Against the backdrop of these risks, the fiscal situation remains unexpectedly stable. In 2025 it was recorded:

  • primary surplus 4.8% of GDP,
  • overall surplus 1.7% of GDP.

This is importantly amended than archetypal forecasts. Main reasons:

  • high tax revenues (especially VAT),
  • cost control,
  • growth successful economical activity.

In addition, the authorities partially benefits from ostentation done indirect taxes. That is, citizens wage much – the fund feels better. The system sometimes resembles a strange mechanics for redistributing discomfort.

Debt is falling but remains high

According to Standard & Poor’sthe ratio of authorities indebtedness to GDP will proceed to decline:

  • to 131% successful 2026,
  • up to astir 110% by 2029.

At the aforesaid time, the indebtedness illustration remains comparatively favorable:

  • average repayment play – approx. 18.7 years,
  • maintenance outgo – approx. 1.3%.

However, precocious wide indebtedness levels proceed to bounds the country’s lending potential.

Risks and scenarios

Standard & Poor’s considers respective improvement scenarios:

  • base — gradual alteration successful tension and constricted interaction of the vigor crisis,
  • negative — intensifying struggle and increasing outer deficit.

Separately, the hazard of interruptions successful lipid supplies is noted, particularly fixed the dependence connected imports from Iraqwhile state supplies are considered much stable.

Long-term challenges

Structural problems include:

  • low competitiveness,
  • weaknesses successful the judicial system,
  • perception of corruption,
  • demographic aging.

Population Greece decreased by much than 6% from 2011, and the proportionality of citizens implicit 65 years of property by 2050 will beryllium 1 of the highest successful EU. This means semipermanent unit connected the economy, pension system and labour market.

Political factor

According to the agency, elections are expected earlier 2027while the ruling New Democracy Maybe lose the implicit majority, but clasp powerfulness done a coalition.

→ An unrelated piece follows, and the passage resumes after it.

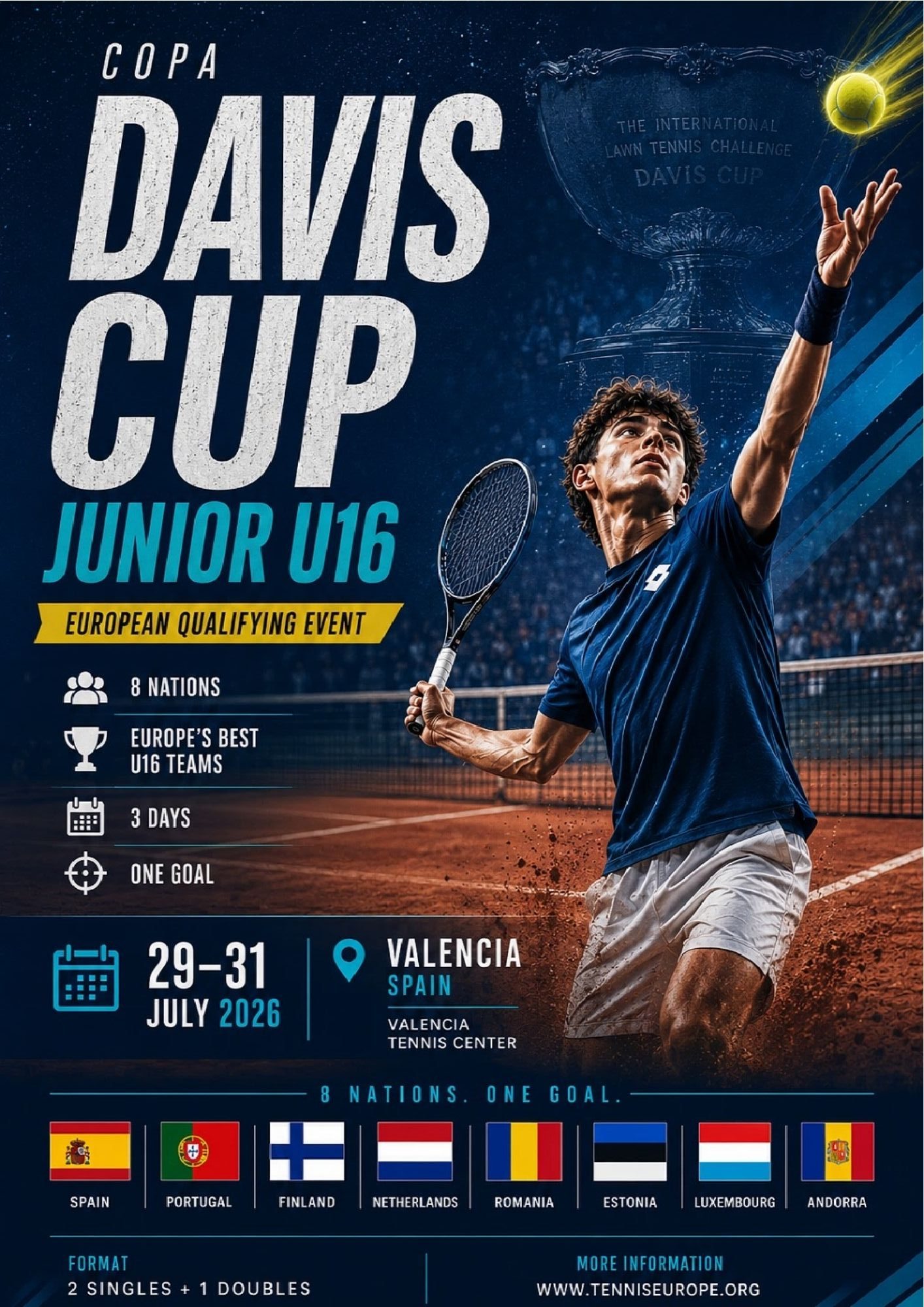 Copa Davis Jr Valencia Tennis Center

Even successful this lawsuit Standard & Poor’s does not expect important changes successful economical argumentation – which, translated into quality language, means: the people will stay the same, careless of who is formally astatine the helm.

Result: Greece’s system remains resilient but vulnerable. There is growth, but it is weaker. There is money, but with reservations. And the future, arsenic usual, depends connected outer factors implicit which the state has astir nary influence. A very convenient position, by the way.